Gaya: The Magadh University budget document, 2018, has revealed that 1,681 of the 3,093 teaching posts in the varsity's postgraduate departments, 44 constituent and four government-funded minority colleges are vacant.
The number of working teachers is just 1,412.
The strength of non-teaching working employees is slightly better, at 2,317 against 3,300 sanctioned posts.
The vacancies have led to pensioners (there are 4,103 of them) outnumbering regular employees (3,729 teachers and non-teaching staff) on the varsity payroll.
According to MU Teachers' Association former president Sunil Singh, the balance will further tilt in favour of pensioners as about 150 employees reach the age of superannuation every year.
The average age of MU teachers is estimated to be over 55 years.

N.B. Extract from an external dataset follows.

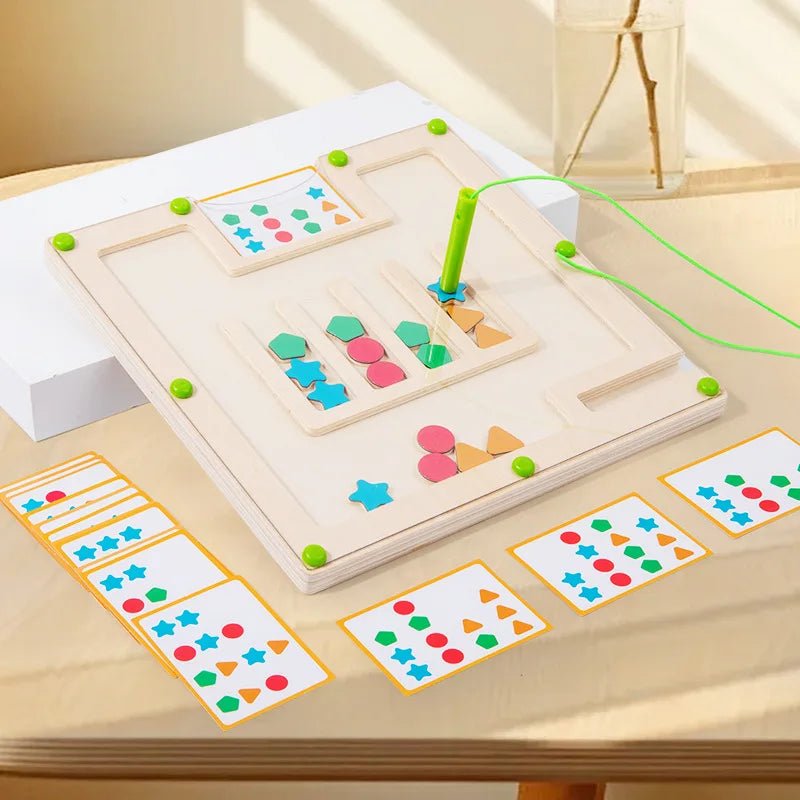 Wooden Shape Pairing Maze - Bambolay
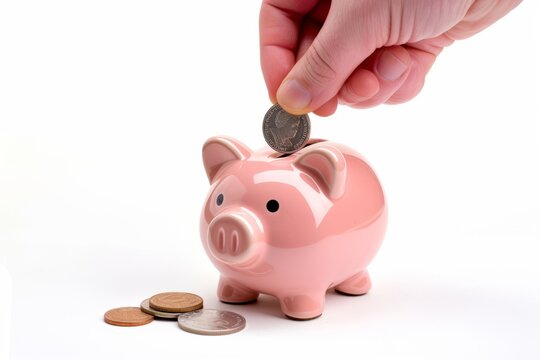 Hand holding a cent coin near a pink piggy bank, putting a coin into it, isolated on a white background.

The scenario, according to sources in the education department, is unlikely to change in the near future as a separate service commission for recruitment of college teachers is yet to be formed and the government has already banned direct recruitment of non-teaching employees and asked the universities to go for outsourcing. Outsourcing is yet to be executed owing to stiff opposition from the non-teaching employees' union.

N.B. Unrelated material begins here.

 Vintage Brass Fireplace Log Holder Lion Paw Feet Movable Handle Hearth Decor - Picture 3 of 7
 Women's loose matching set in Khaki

The 128 teachers conditionally appointed in 2003 continue to be haunted by the ghost of the ongoing vigilance inquiry into alleged bungling in appointments.
Then vice-chancellor Abhimanyu Singh is believed to have been pressured into making the appointments and to protect himself, he subjected the appointments to the final outcome of the vigilance inquiry.

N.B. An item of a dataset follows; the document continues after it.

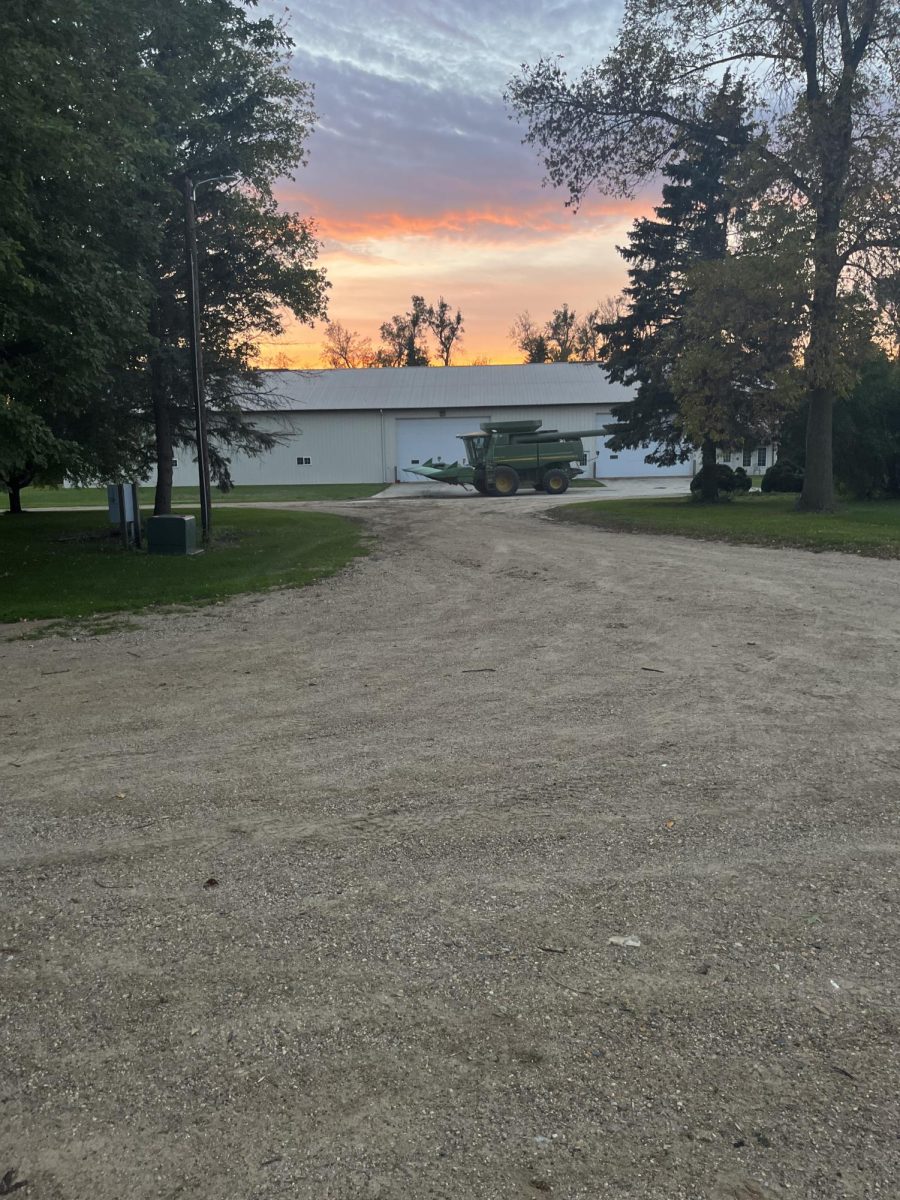 Autumn sunset in Astoria, SD.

A sizeable number of recently appointed NET-qualified assistant professors, according to Federation of University Teachers' Associations of Bihar president Kanhaiya Bahadur Sinha, are looking for jobs outside the state owing to irregular salary payment.
The last pay packet received by MU employees was for December 2017. Most new appointees are from outside the state and the Biharis who managed to get teaching jobs in MU have received higher education outside the state. The number of students from state universities clearing the NET is minuscule, especially in subjects like physics, chemistry, mathematics, botany and zoology.